Work task – Find "90 Clervaux Dr, Little Rock, AR 72223" and "2963 North Summit" in the records below. Copy the lines holding them and every line between, exactly, and no others.

Supplied information –
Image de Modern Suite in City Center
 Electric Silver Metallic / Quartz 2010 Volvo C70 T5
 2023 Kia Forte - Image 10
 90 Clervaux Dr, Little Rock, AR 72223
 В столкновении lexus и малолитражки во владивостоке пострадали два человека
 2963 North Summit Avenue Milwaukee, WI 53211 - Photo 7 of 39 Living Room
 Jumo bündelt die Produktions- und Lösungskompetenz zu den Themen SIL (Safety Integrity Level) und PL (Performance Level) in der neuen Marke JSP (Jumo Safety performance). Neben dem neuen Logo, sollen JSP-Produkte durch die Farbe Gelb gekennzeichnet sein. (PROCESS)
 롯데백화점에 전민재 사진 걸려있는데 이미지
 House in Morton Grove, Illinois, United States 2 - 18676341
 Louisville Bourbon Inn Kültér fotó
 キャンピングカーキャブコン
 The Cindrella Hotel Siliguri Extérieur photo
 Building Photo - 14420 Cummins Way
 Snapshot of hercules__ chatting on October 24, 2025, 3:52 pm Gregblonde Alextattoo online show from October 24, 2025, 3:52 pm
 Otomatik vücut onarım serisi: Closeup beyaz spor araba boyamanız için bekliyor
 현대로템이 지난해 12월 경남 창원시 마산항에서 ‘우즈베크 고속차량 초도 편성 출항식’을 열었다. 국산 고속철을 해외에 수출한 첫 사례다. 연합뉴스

Result –
 90 Clervaux Dr, Little Rock, AR 72223
 В столкновении lexus и малолитражки во владивостоке пострадали два человека
 2963 North Summit Avenue Milwaukee, WI 53211 - Photo 7 of 39 Living Room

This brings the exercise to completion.